E esta estratégia remete-nos claramente para as técnicas cinematográficas. Assim, quando a lente se foca no rosto de uma personagem, somos testemunhas da expressividade da irritação do Sapateiro, do ar admiravelmente trocista do Diabo ou da serenidade do Anjo. Uma palavra apenas sobre o texto desta adaptação do Auto da Barca do Inferno, ou seja, sobre as falas das personagens nos balões criados para o efeito.
A meu ver, justifica-se a opção de dar a ler o texto de Gil Vicente em português contemporâneo (e não em português quinhentista), tendo em conta os fins e os públicos a que se destina. Torna-se, deste modo, a palavra vicentina mais próxima dos leitores e evitam-se dificuldades que podiam emperrar a fluidez que se pretende na leitura de uma obra de banda desenhada.
Certo é que este texto mantém algumas palavras – por exemplo, “pera” (p. 13) em lugar de “para” ou “chantados” (p. 21) em lugar de “sentados” – e algumas expressões ou construções frásicas arcaicas – como “Pera que é escarnecer, quem não havia mais no bem” (p. 13) ou “Sabei que fui da pessoa” (p. 27). Um purista não acharia mal a presença destes arcaísmos linguísticos no texto, mas proporia que fossem registados a itálico, para alertar o leitor para o facto de se tratar de… arcaísmos.

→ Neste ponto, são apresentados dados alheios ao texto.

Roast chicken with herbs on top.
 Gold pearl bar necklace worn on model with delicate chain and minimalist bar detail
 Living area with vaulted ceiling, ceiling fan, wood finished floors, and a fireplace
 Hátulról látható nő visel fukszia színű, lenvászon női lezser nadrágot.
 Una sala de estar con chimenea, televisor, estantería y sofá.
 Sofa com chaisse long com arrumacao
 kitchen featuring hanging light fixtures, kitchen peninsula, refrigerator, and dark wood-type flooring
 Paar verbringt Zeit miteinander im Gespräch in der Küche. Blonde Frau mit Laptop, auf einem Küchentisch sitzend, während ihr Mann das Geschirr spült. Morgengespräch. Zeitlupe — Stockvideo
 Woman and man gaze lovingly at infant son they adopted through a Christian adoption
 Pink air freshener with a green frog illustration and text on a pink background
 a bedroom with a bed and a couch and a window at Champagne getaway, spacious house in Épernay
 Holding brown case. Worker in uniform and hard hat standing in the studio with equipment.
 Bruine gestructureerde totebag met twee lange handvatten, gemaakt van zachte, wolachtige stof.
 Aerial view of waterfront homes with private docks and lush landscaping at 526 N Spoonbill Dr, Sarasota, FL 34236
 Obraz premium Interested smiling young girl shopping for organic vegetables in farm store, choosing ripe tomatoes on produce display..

Quanto à forma do texto, devido ao formato gráfico variável dos balões de fala, é natural que se perca, em muitos casos, a disposição em versos de Gil Vicente, que, ainda assim, é frequentemente respeitada.
O fim desta “representação” é tão subtil quanto brilhante.
Na antepenúltima e na penúltima páginas da obra, os autores recorrem, de novo, à técnica cinematográfica para nos dar um grande plano do “cais infernal” onde são julgadas as personagens deste Auto da Barca do Inferno.
É então que surge perante os nossos olhos uma versão em banda desenhada da pintura A Ilha dos Mortos, de Arnold Böcklin. Ou seja, com este golpe de asa, nesta versão desenhada da peça vicentina, o lugar onde decorre o Juízo Final é na ilha imaginada pelo pintor simbolista suíço. Neste final, as barcas enchem-se com as figuras do auto e cada qual zarpa para o seu destino: o Paraíso ou o Inferno.
Uma palavra final
para o dossiê informativo que o Professor Cardoso Bernardes, da Universidade de Coimbra, um especialista em Gil Vicente, preparou para este livro. Este suplemento tem o mérito de ter informação útil e de grande qualidade, apresentada com uma linguagem acessível ao grande público, sobre aspetos como a vida e a obra do dramaturgo, a peça ou a “finalidade” dos autos vicentinos.
Termino saudando esta nova adaptação de Auto da Barca do Inferno para banda desenhada e louvando a vivacidade e a expressividade que os desenhos conseguiram dar ao texto. Creio que esta versão ilustrada consegue motivar o leitor para a leitura deste clássico da Literatura Portuguesa. Além disso, por tudo o que foi dito, reitero a importância de livros como este tanto para cultivar o gosto dos públicos de hoje (consumidores ávidos de filmes e de séries) para a beleza da imagem desenhada e para o prazer da leitura literária.